Using machine learning algorithms, AI can detect patterns in customer payment behaviours that would be difficult to identify manually, such as the likelihood of payment delays based on certain economic conditions or the tendency for a client to pay early or late during specific periods.
There are various AI-based tools and techniques that can significantly enhance the efficiency and accuracy of treasury operations.
Machine learning models can analyze historical data, seasonal trends, and external factors (like market changes or economic events) to produce more accurate cash flow forecasts. These models continuously learn and adjust as new data becomes available, improving their accuracy over time.
Embat, as a corporate treasury management platform powered by AI, automates critical processes such as bank reconciliation, liquidity management, and cash flow forecasting, thereby minimizing human error and saving valuable time. Additionally, it offers real-time analytics and recommendations based on historical data, enabling companies to make more informed financial decisions.

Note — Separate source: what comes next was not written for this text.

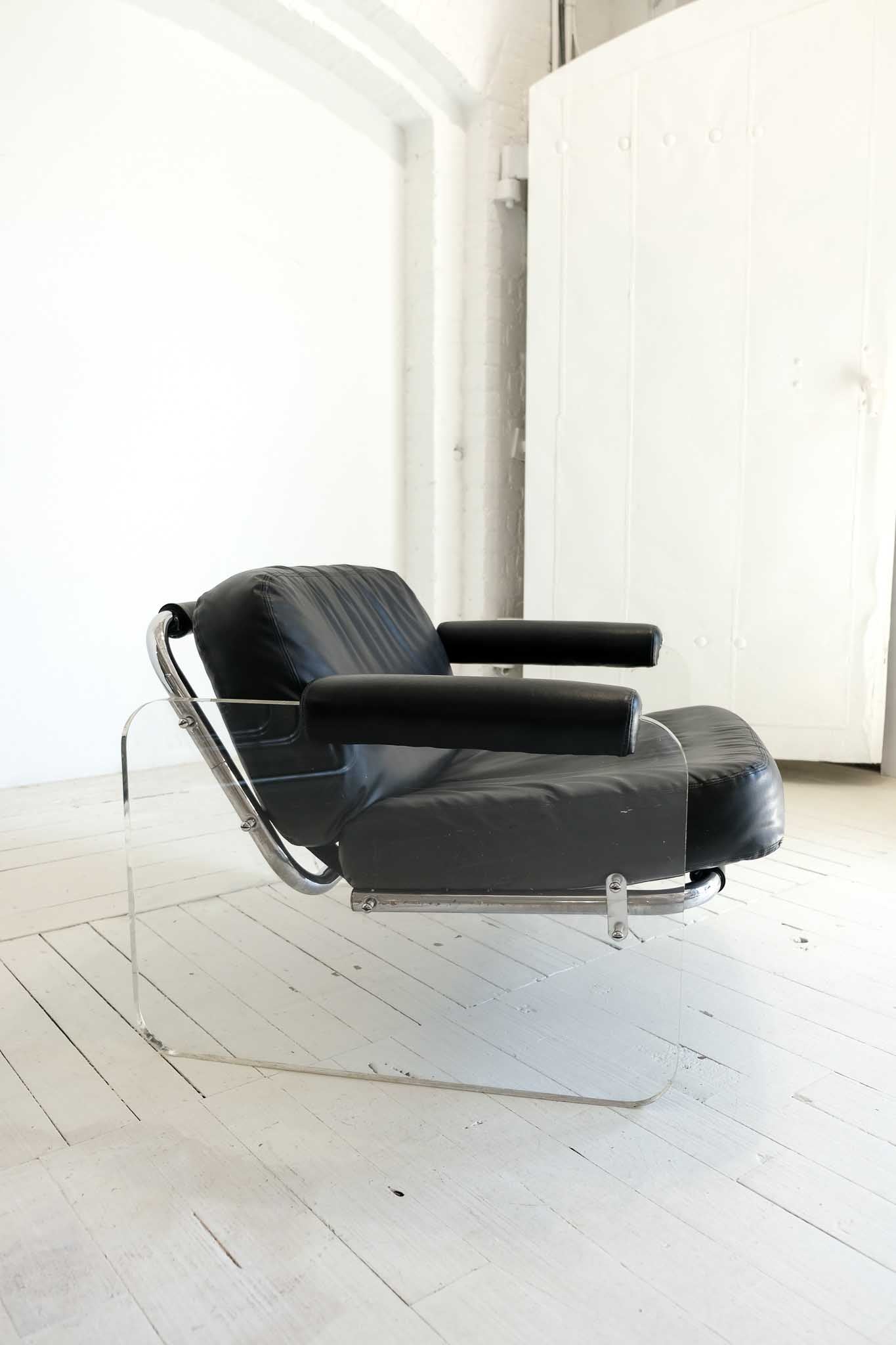 Pace Boxed Lucite and Chrome Armchair : RENTAL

Our platform integrates specific AI-driven solutions that have enhanced the accuracy of cash flow forecasts, optimised working capital, and automated key processes. One of our most innovative features is invoice payment prediction using AI, which anticipates customer and supplier payment dates based on historical behaviour patterns, facilitating more effective cash flow management.
Furthermore, by leveraging Google Cloud’s generative AI, we have automated over 90% of accounting entries, allowing finance teams to save up to 10 hours per week on operational tasks such as bank reconciliation and accounting. This automation significantly reduces the manual workload, freeing financial teams to focus on high-value strategic activities.

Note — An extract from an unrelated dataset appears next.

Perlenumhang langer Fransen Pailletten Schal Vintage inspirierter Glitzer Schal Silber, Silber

AI-powered chatbots can seamlessly interact with finance teams to deliver swift and accurate insights into the current state of treasury operations. They are capable of answering queries related to transactions and providing actionable suggestions based on real-time data analysis. This integration of AI not only enhances decision-making but also streamlines treasury management, allowing teams to operate more efficiently and focus on strategic tasks.

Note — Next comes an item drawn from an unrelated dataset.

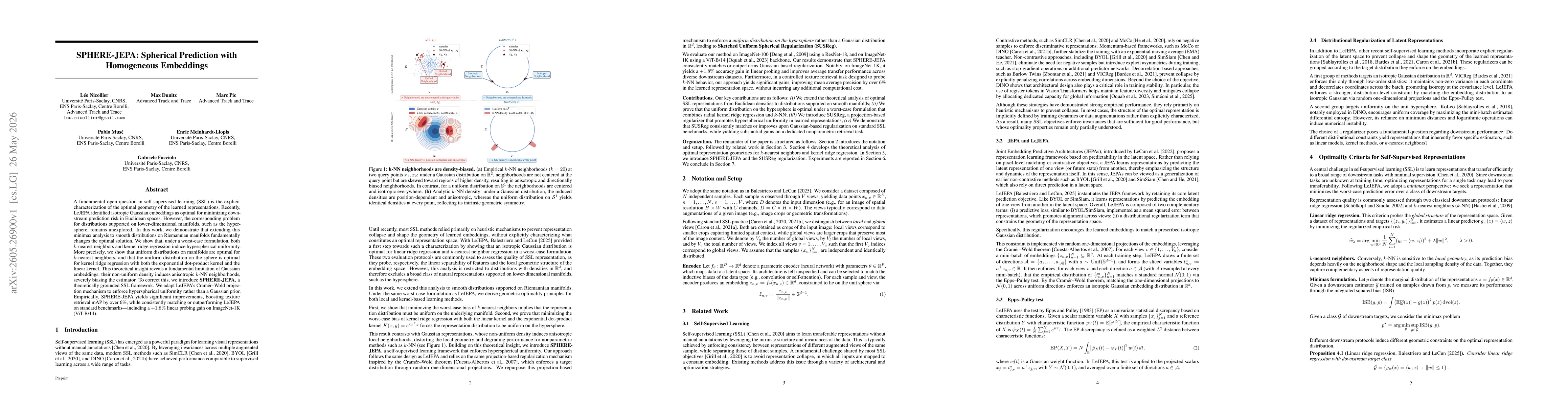 Thumbnail for SPHERE-JEPA: Spherical Prediction with Homogeneous Embeddings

AI-powered tools are revolutionising payment prediction by analysing customer payment patterns and identifying behaviours that may signal delayed payments or defaults. These insights enable businesses to take preventive measures, such as sending automated reminders, renegotiating payment terms, or adjusting their collection strategies to mitigate risks.
For example, HighRadius offers AI-driven payment prediction solutions that forecast which invoices are at risk of non-payment, optimising the collection process. By leveraging these tools, companies can improve cash flow management and enhance their ability to anticipate and respond to potential payment issues.
Some AI tools can analyze financial transactions in real time to identify suspicious or unusual patterns that could indicate fraud. These systems continuously learn from each transaction, improving their ability to detect fraud over time.
AI-based tools provide real-time recommendations for financial decision-making. These tools can analyze multiple cash flow scenarios and suggest optimal actions, such as the best time to invest or how to structure financing. Some tools, like SigFig, utilise AI to offer personalised financial advice by analysing the company's financial situation and recommending investments or savings strategies.
AI has proven to be a game-changer in treasury management, particularly in cash forecasting and payment prediction. By leveraging advanced data analysis and predictive modelling, AI enables businesses to anticipate liquidity needs with greater precision, optimise financial planning, and manage resources more efficiently. This technology not only reduces forecasting errors but also enhances strategic decision-making, resulting in increased financial stability and business solvency.